» Assignment
First find the line with "Plateau de table", then reproduce it and all following lines of the data to the end, exactly and with no pictures, adding nothing.

--*--

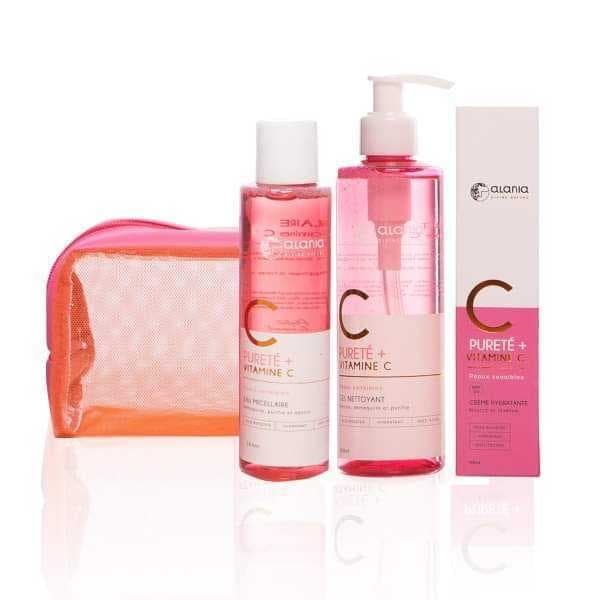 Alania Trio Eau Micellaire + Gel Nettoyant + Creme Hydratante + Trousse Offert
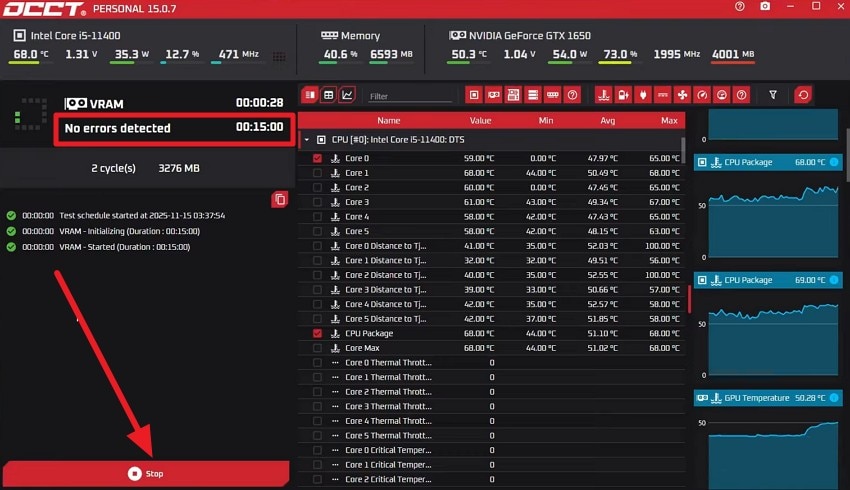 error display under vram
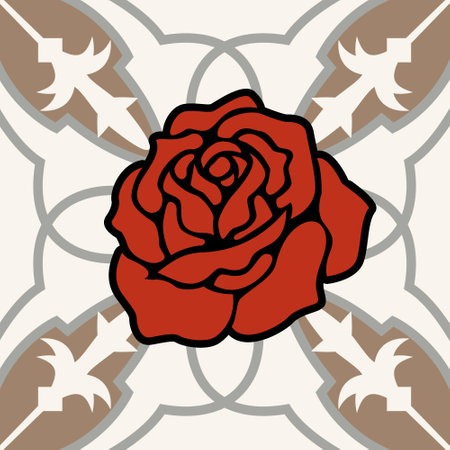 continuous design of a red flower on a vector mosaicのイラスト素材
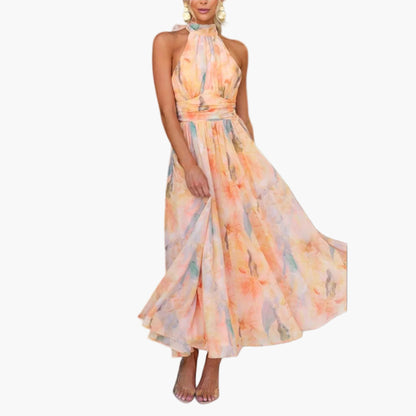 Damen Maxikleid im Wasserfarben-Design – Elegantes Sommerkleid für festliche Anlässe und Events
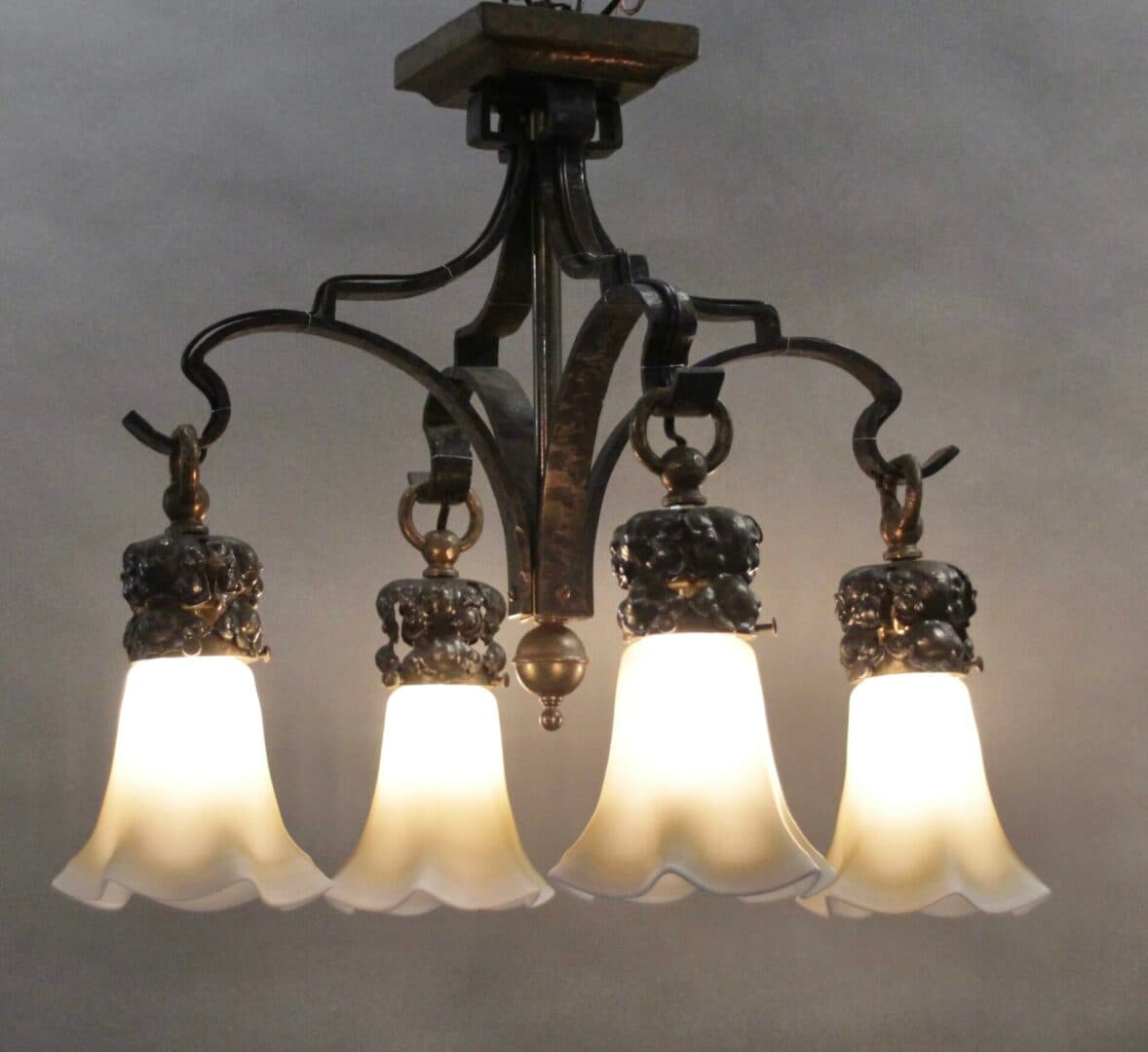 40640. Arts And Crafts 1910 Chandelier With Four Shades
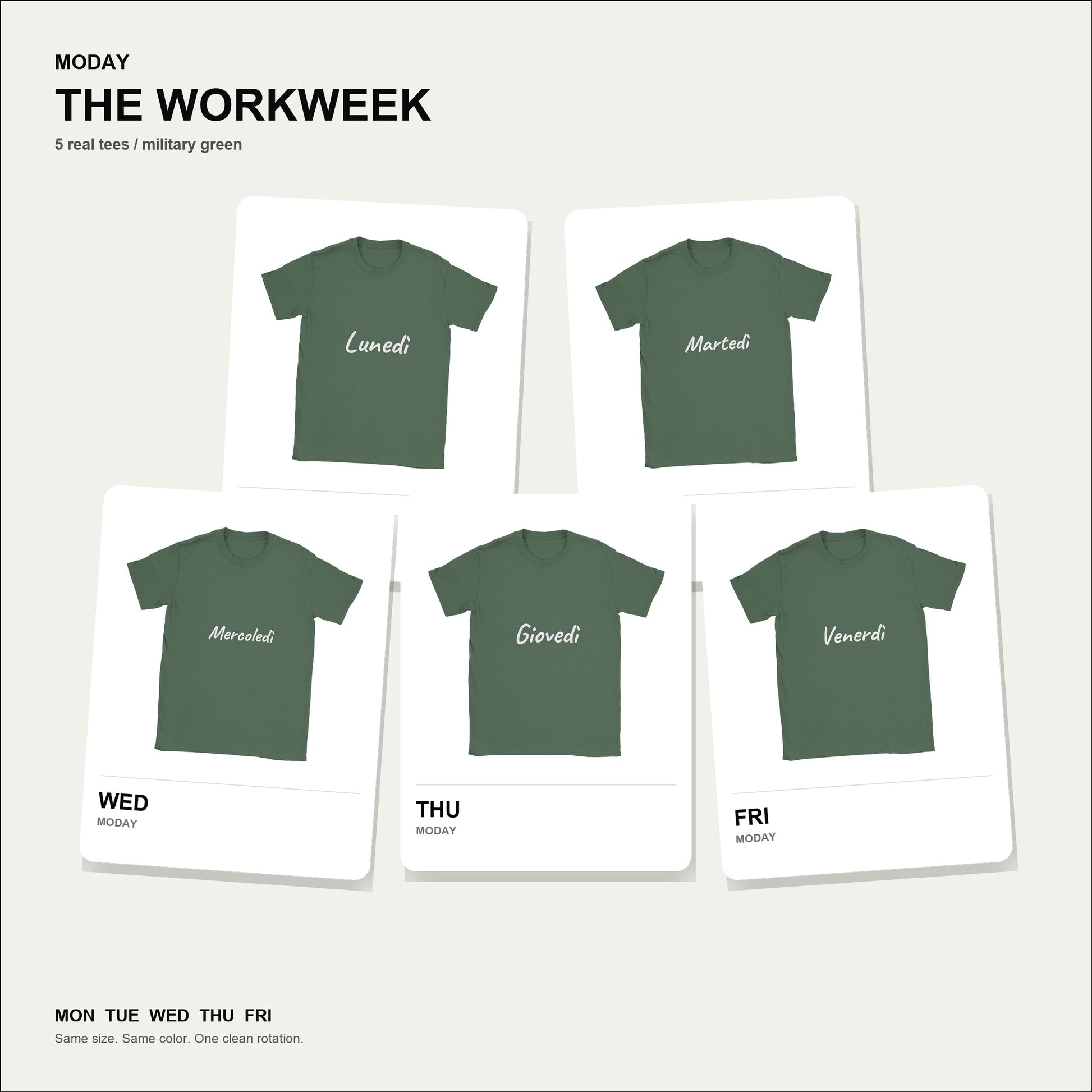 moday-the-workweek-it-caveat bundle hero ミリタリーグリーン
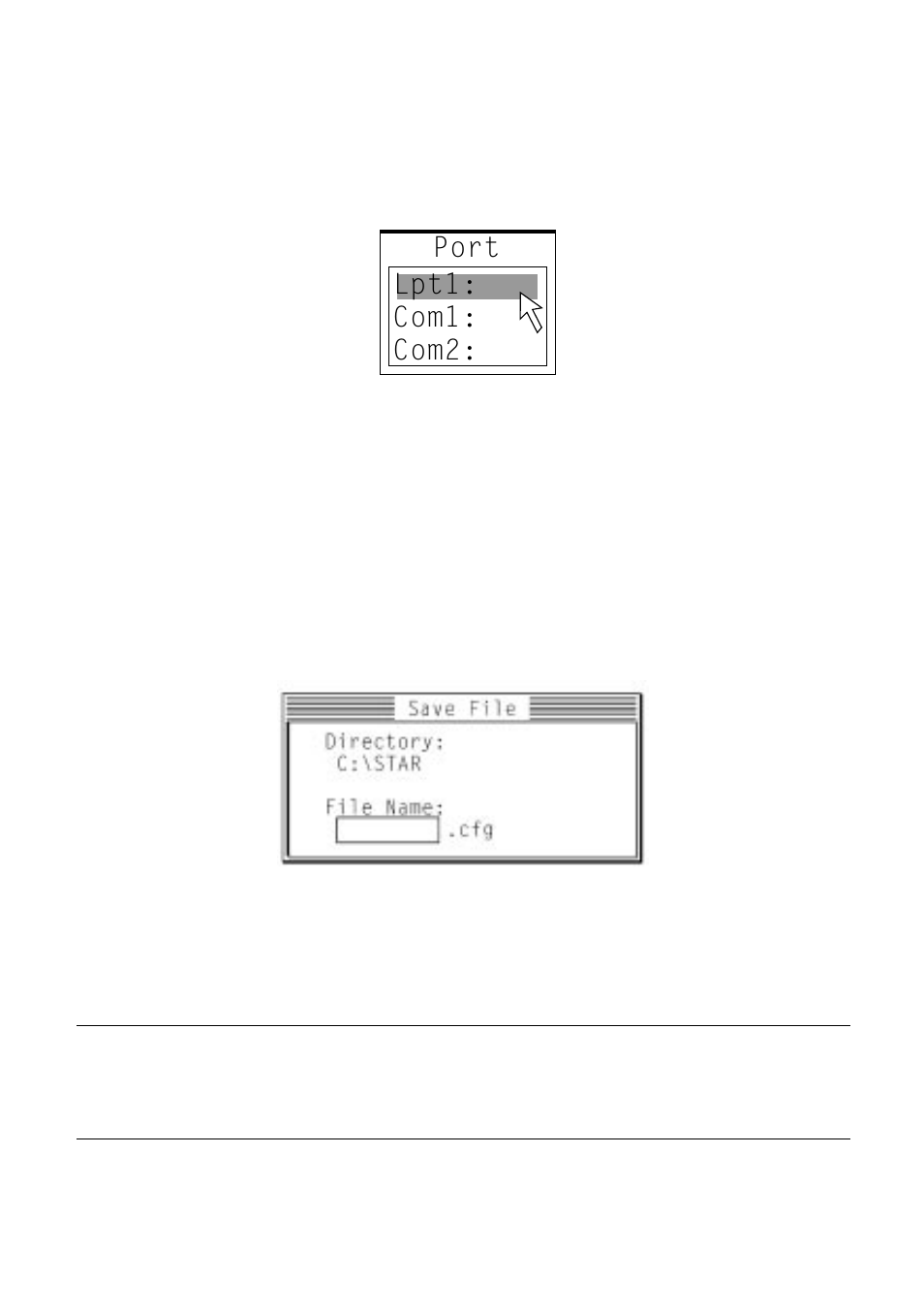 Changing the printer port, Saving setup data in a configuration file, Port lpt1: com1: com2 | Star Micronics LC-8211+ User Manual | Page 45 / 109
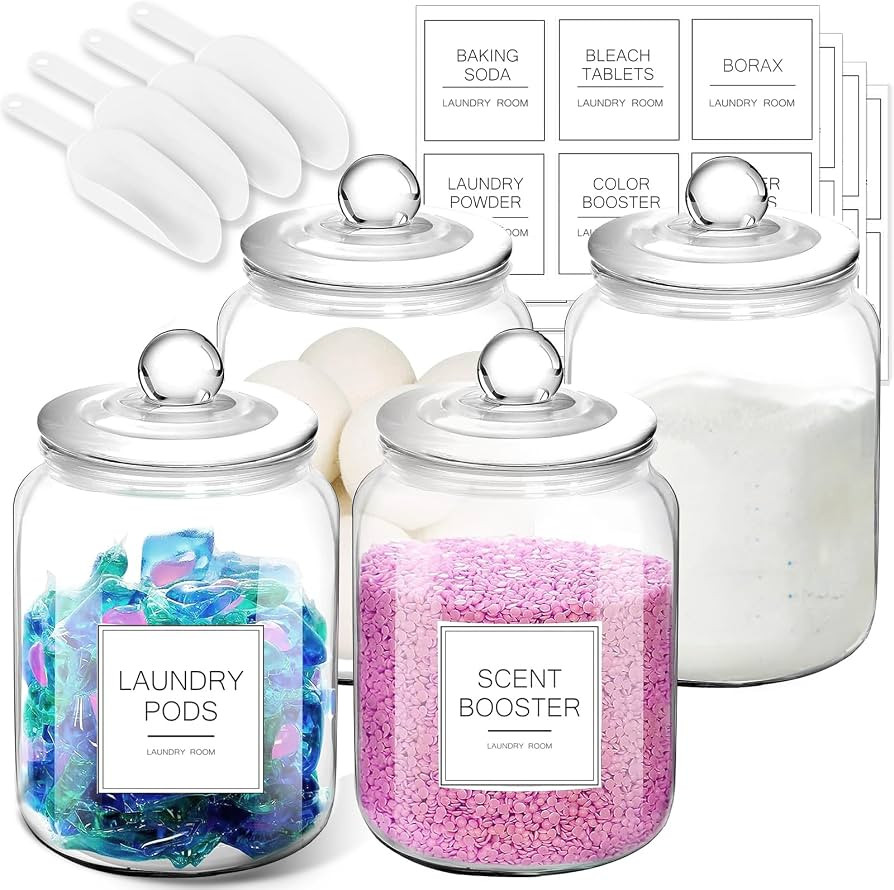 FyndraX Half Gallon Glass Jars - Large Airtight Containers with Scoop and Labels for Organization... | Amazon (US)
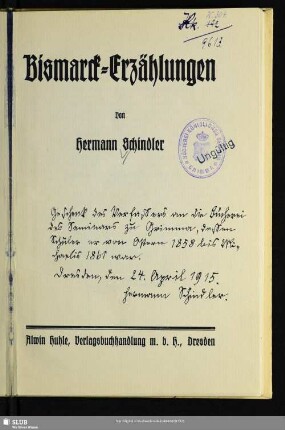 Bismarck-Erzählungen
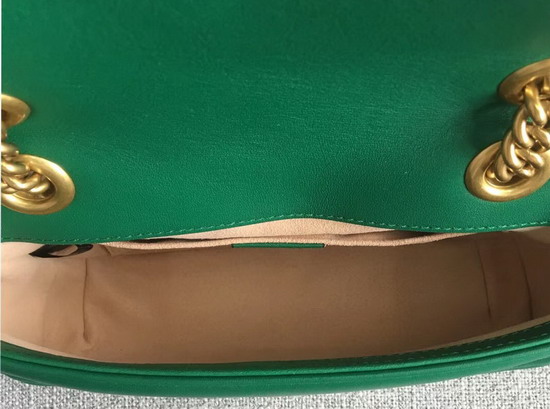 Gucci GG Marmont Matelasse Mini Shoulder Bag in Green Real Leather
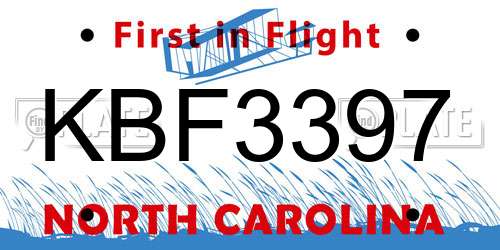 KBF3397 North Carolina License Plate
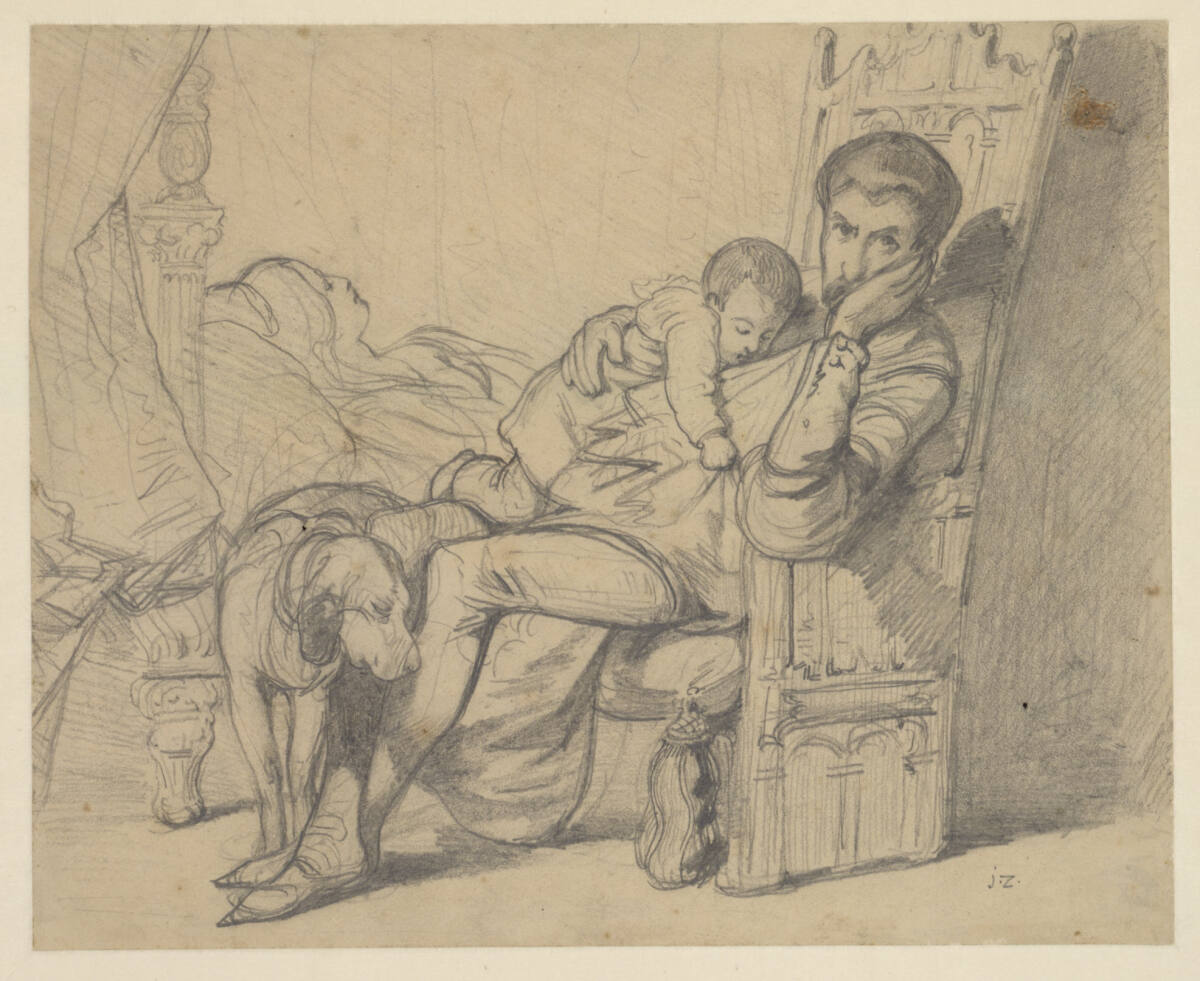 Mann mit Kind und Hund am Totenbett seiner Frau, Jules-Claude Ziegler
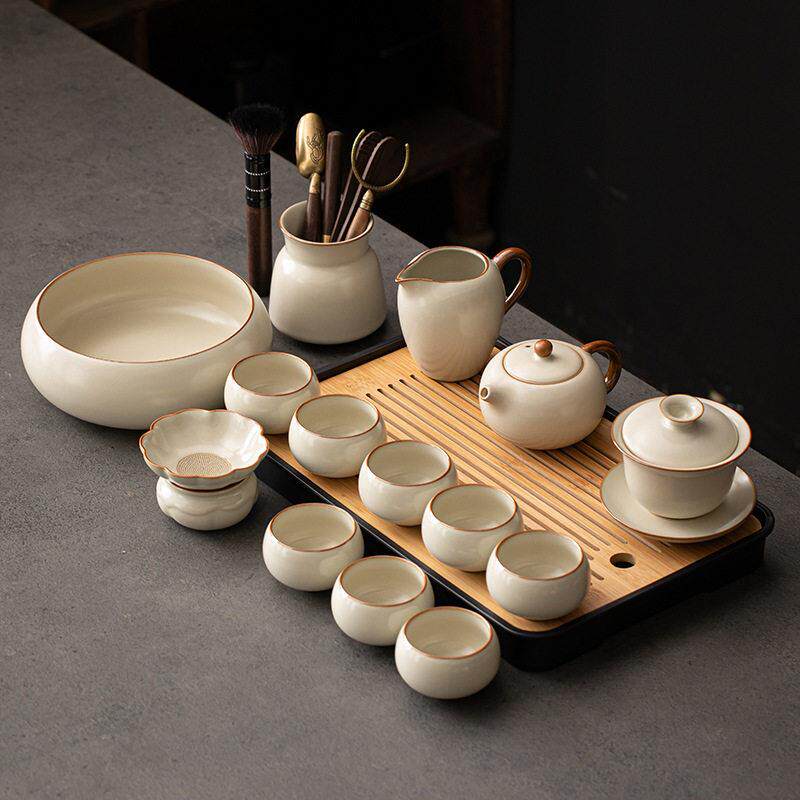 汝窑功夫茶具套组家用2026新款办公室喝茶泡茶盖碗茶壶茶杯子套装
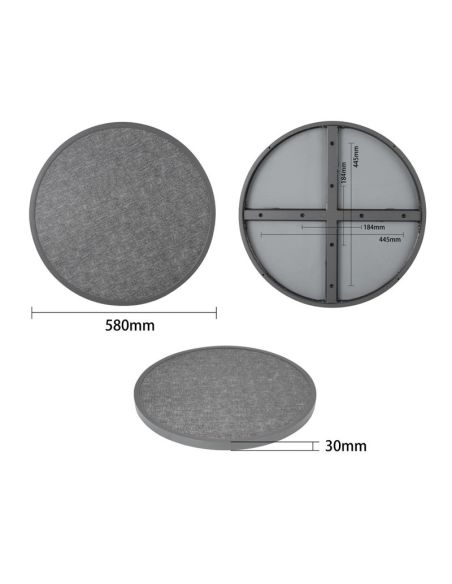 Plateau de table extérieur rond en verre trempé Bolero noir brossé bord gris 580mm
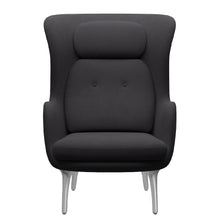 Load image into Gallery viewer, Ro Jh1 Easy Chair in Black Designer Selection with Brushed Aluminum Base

--*--

» Response
 Plateau de table extérieur rond en verre trempé Bolero noir brossé bord gris 580mm
 Load image into Gallery viewer, Ro Jh1 Easy Chair in Black Designer Selection with Brushed Aluminum Base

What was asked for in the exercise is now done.